Leaders worldwide should institute a global tax minimum on billionaires — which could raise $250 billion annually — as part of an effort to cut down on tax evasion, the EU Tax Observatory indicated in a new report.
The proposal is to institute a global minimum tax on billionaires, equal to 2% of their wealth, which would raise $250 billion from less than 3,000 individuals, per the report.
“If citizens don’t believe that everyone is paying their fair share of taxes — and especially if they see the rich and rich corporations not paying their fair share — then they will begin to reject taxation. Why should they hand over their hard-earned money when the wealthy don’t? This glaring tax disparity undermines the proper functioning of our democracy; it deepens inequality, weakens trust in our institutions, and erodes the social contract,” the report reads.
Global billionaires have effective tax rates equivalent to 0% to 0.5% of their wealth, largely due to the frequent use of shell companies to avoid income taxation, according to the report.
Global Billionaire Tax: Is It Realistic?
Some experts noted that while this is an interesting proposal, it will almost certainly face challenges in implementation.
“First, countries will have a hard time resisting the urge to ‘cheat’ in the sense of providing some favorable tax treatment to billionaires,” said Dr. Aleksandar Tomic, associate dean for strategy, innovation and technology at the Boston College’s Woods College of Advancing Studies.
“Second, what is being discussed is a tax on wealth more so than on income. The problem here is that billionaires’ wealth is not necessarily liquid at all, and definitely not at current valuation,” he added.
Tomic said the bulk of tech CEOs and founders’ wealth is in the form of their company’s stocks.
“If they had to sell a significant amount of stock to pay the tax, the price of the stock would be affected, negatively impacting other people such as small investors, pension funds, etc.,” he added.

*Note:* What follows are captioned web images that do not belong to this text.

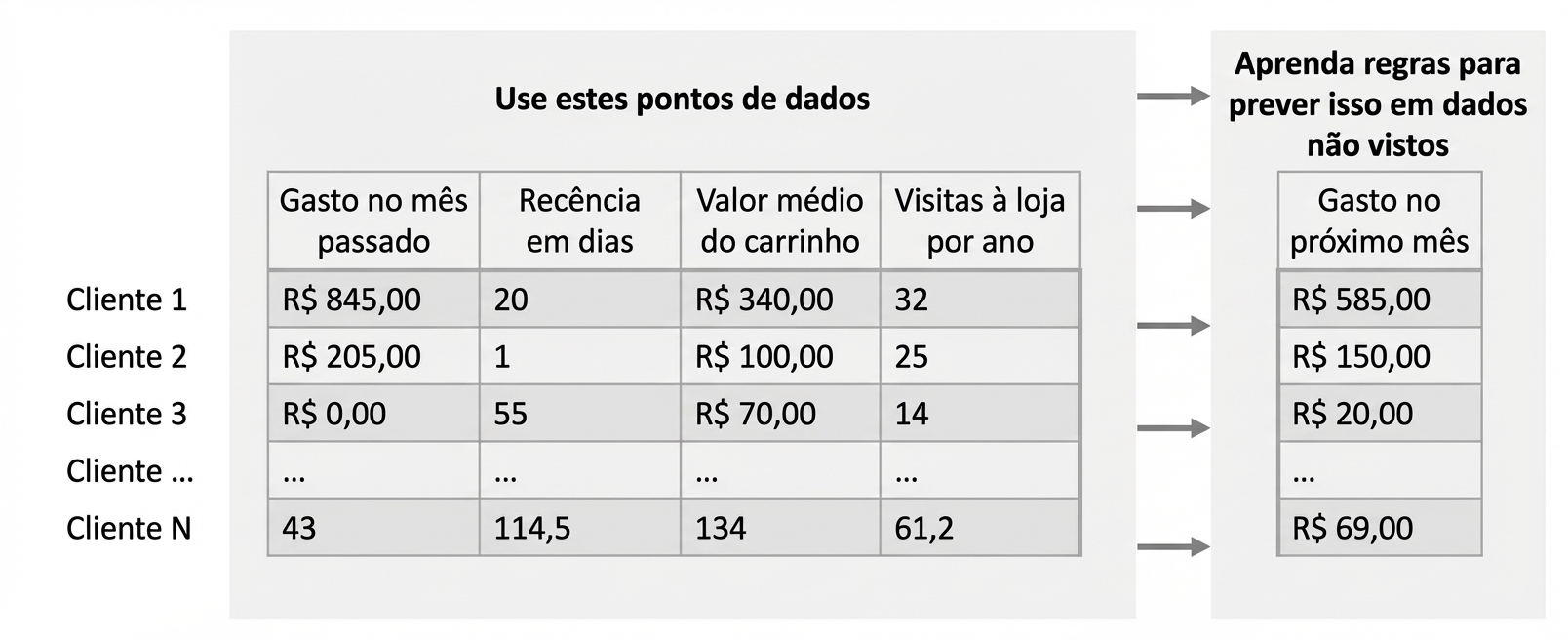 regressao-aprendizado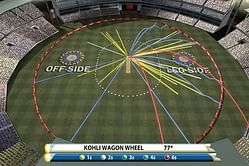 Inventions that changed cricket on TV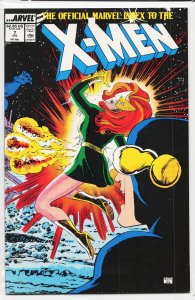 The Official Marvel Index to the X-Men #7 (1988) X-Men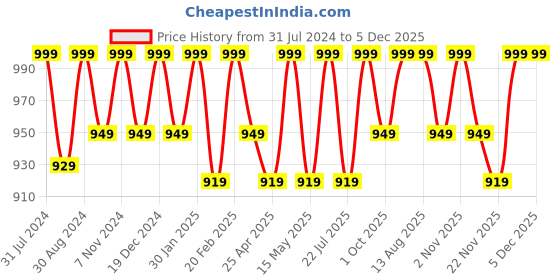 tatacliq.com Saral Home Green Cotton Soft Shaggy Runner - Set of 1 saral home Price History Graph from 31 Jul 2024 to 5 Dec 2025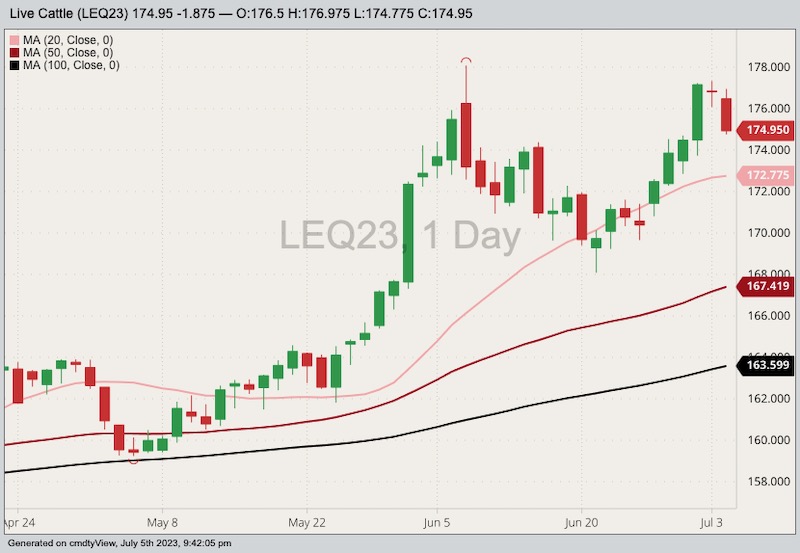 CME August 2023 live cattle with 20-, 50- and 100-day moving averages. (Barchart)

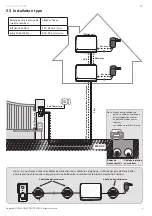 Preview for 7 page of SOMFY 1870996 Operating And Installation Manual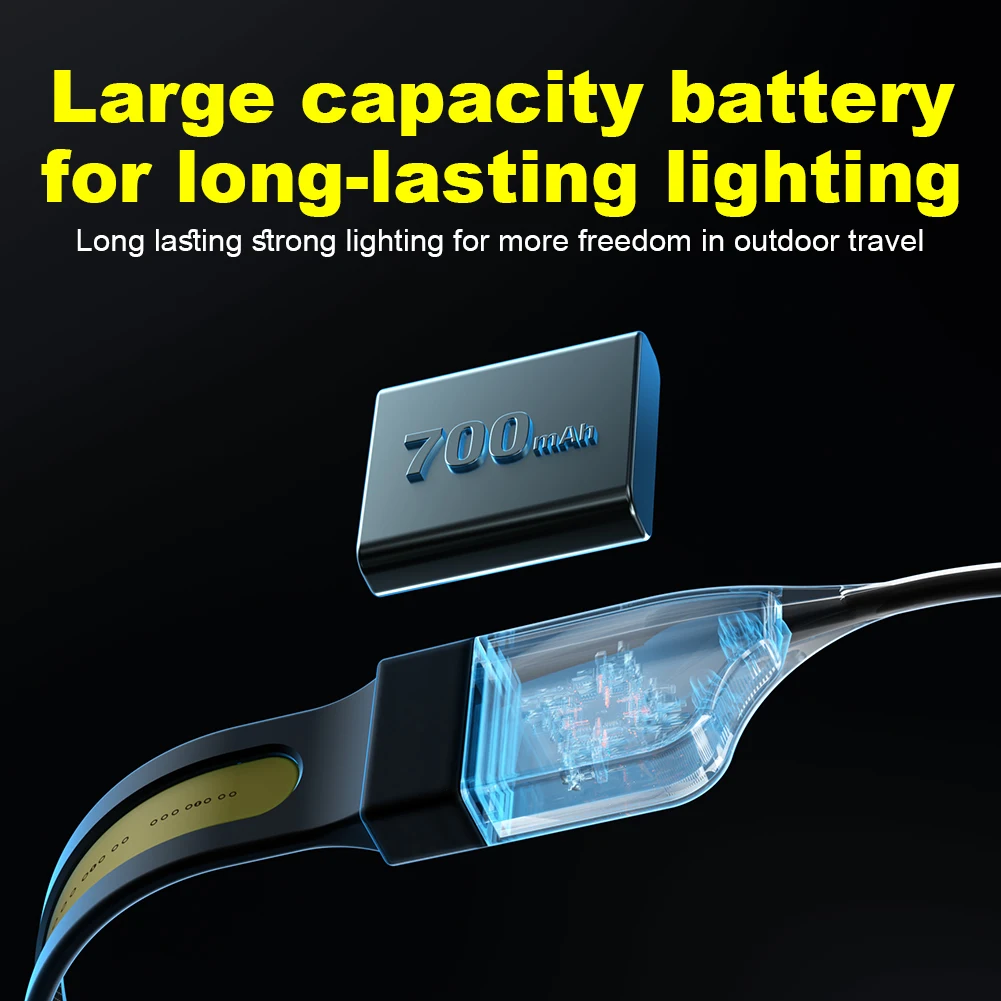 LED + COB 헤드램프, USB 충전식 헤드 손전등, 디지털 전원 디스플레이, 캠핑 개 산책 낚시 하이킹용, 3 가지 모드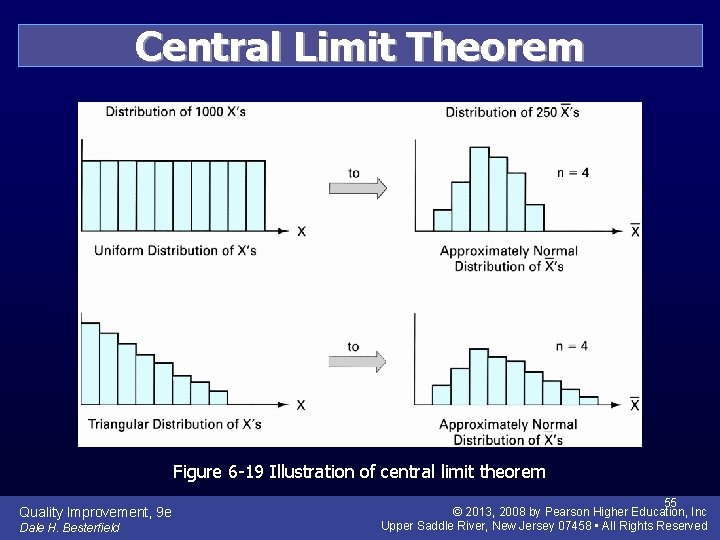 Central Limit Theorem Figure 6 -19 Illustration of central limit theorem Quality Improvement, 9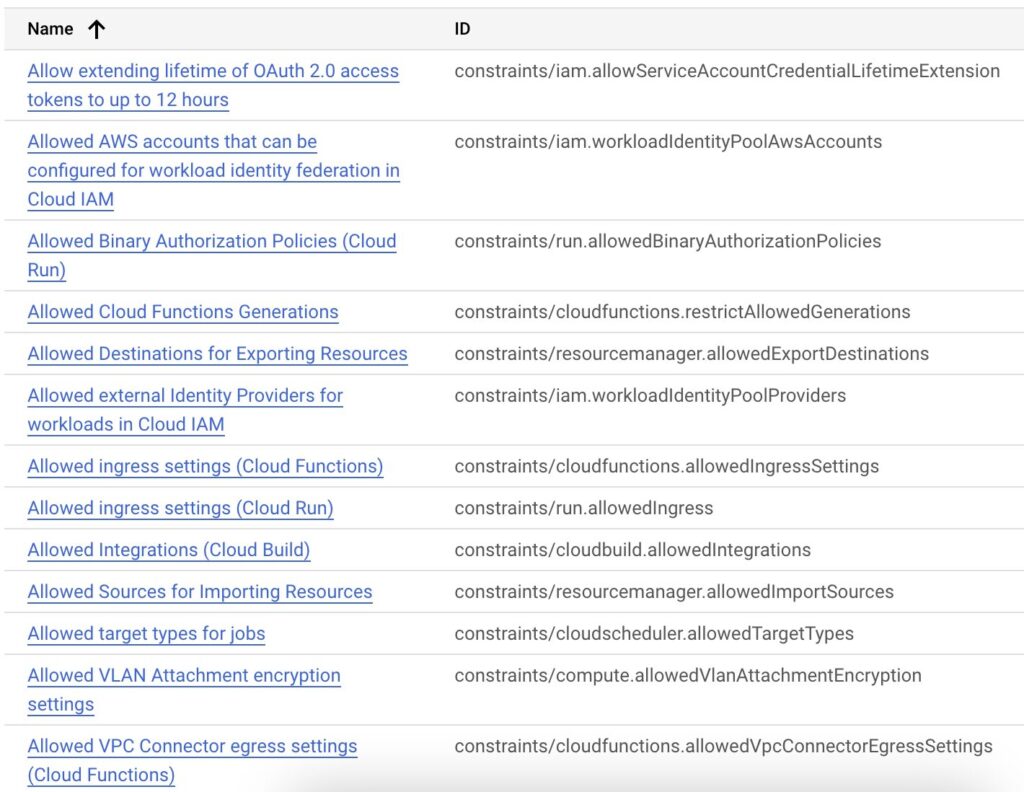 A screenshot of Google Cloud Org Policies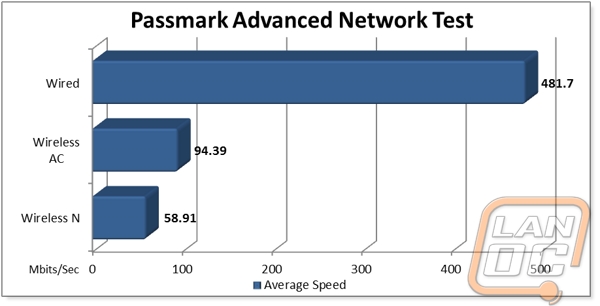graph1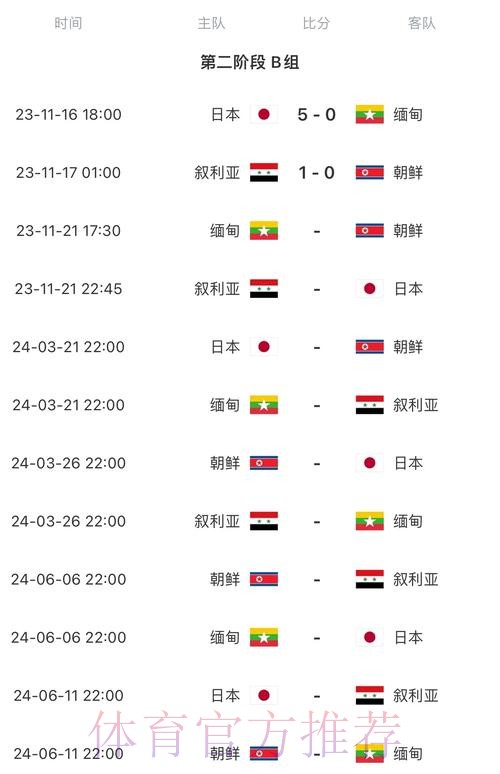 2026世界杯比赛时间官方发布赛事详情直播平台 2026世界杯比赛时间官方发布赛事详情直播平台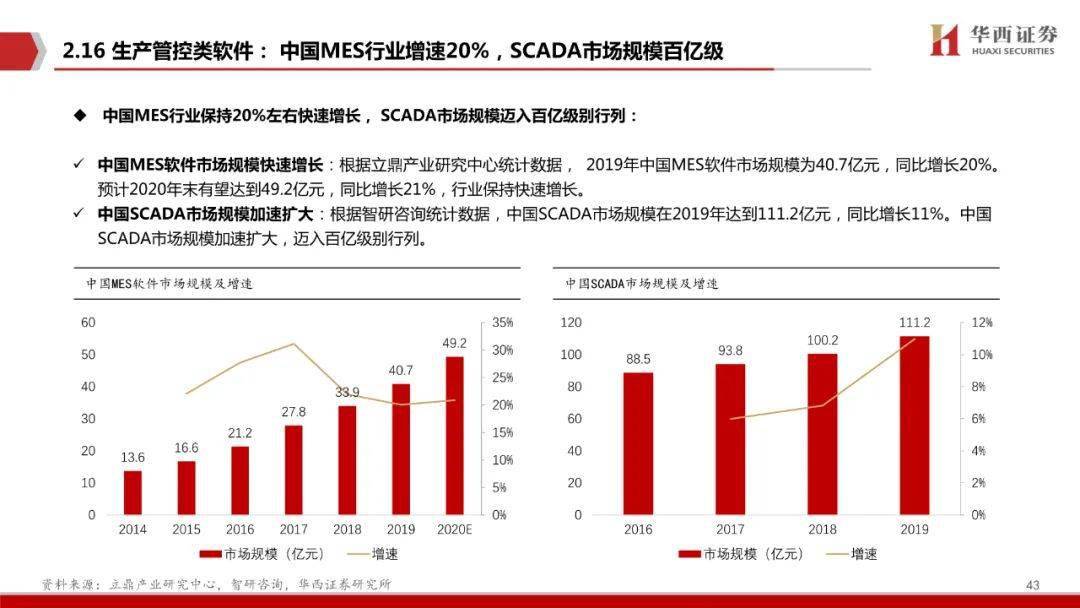 2024******正版***,数据整合决策_VIF77.676视频版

All in all, for Tomic this proposal is “an interesting idea and it will become more germane as countries face higher costs of debt service and as countries will have to look to increased tax revenues to finance fiscal deficits.”
“However, again, I think it will be difficult to keep countries from competing with one another once these taxes are announced,” he concluded.
A Lack of Economic Upside?
Yet, some experts argued that there is very little economic upside to the EU billionaire tax study.
“The proposal is based on the conflating of a person’s annual income — a conventional unit of tax assessment — with a much broader and fluid concept of wealth,” said Phil Magness, senior research faculty with the American Institute for Economic Research.
According to Magness, contrary to the EU study’s claims, the current tax systems in the United States and most European countries are overwhelmingly progressive.
“Wealth taxes are notoriously unreliable though. Most wealth taxes attempt to levy a fee upon the unrealized gains in capital assets. Since the estimated value of these assets fluctuates constantly, they are difficult to even estimate let alone collect,” he said, adding that such taxes also create huge distortions on stock and real estate markets while yielding comparatively little revenue.
This latest EU Tax Observatory proposal comes on the heels of similar ones. For example, President Joe Biden’s 2024 fiscal budget, released in March, includes a 25% minimum tax on the wealthiest 0.01%, according to a White House fact sheet. Yet, as CNN noted: “That proposal has since fallen by the wayside with lawmakers in Washington preoccupied with government shutdown threats and looming funding deadlines.”